2. The method of claim 1 wherein the endpoint identifier is a UDP/IP port address.

3. The method of claim 1 wherein the endpoint identifier is a RTP port address.

4. The method of claim 1 wherein the distribution device includes a QAM modulator.

5. The method of claim 4 wherein a QAM modulator outputs more than one downstream channel frequency.

6. The method of claim 1 wherein the endpoint identifier is associated with a plurality of downstream QAM channels, said QAM channels configured for providing the content streams to given subscribers.

7. A system for transporting a digitally encoded content stream from a content device over a wide area network through one or more distribution devices to a plurality of user devices, comprising:

means for associating an endpoint identifier with a termination point of the distribution device(s);

means for associating the termination point with a plurality of subscriber-channels for delivering the content stream to a plurality of user devices;

means for transmitting the stream to the termination point of the distribution device(s) associated with the endpoint identifier; and

means for replicating at the distribution device(s) the transmitted stream into a number of streams corresponding to the plurality of user devices.

8. The system of claim 7 wherein the endpoint identifier is a UDP/IP port address.

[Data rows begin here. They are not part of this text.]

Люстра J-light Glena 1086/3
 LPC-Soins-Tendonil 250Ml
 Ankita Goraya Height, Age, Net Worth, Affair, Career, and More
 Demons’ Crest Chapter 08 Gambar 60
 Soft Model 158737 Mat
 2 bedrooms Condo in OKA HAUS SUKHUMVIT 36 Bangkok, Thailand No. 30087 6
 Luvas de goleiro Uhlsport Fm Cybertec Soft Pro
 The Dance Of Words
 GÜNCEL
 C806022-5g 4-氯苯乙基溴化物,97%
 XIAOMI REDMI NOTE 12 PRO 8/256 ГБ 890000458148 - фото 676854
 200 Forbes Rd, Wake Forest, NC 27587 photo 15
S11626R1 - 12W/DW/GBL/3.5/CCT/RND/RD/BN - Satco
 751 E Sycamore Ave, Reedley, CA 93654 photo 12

9. The system of claim 7 wherein the endpoint identifier is a RTP port address.

10. The system of claim 7 wherein the distribution device includes a QAM modulator.

11. The system of claim 10 wherein a QAM modulator outputs more than one downstream channel frequency.

12. The system of claim 7 wherein the endpoint identifier is associated with a plurality of downstream QAM channels, said QAM channels configured for providing the content streams to given subscribers.

13. The system of claim 7 wherein the means for associating an endpoint identifier with a termination point of the distribution device(s) includes a memory means for storing the identifier and a processor means for applying the identifier to packets of the content stream.

14. The system of claim 7 wherein the means for replicating at the distribution device(s) the transmitted stream into a number of streams corresponding to the plurality of user devices is a stream replicator.

15. The system of claim 7 wherein the means for transmitting the stream to the termination point of the distribution device(s) associated with the endpoint identifier is a server capable of transmitting content streams in data packets.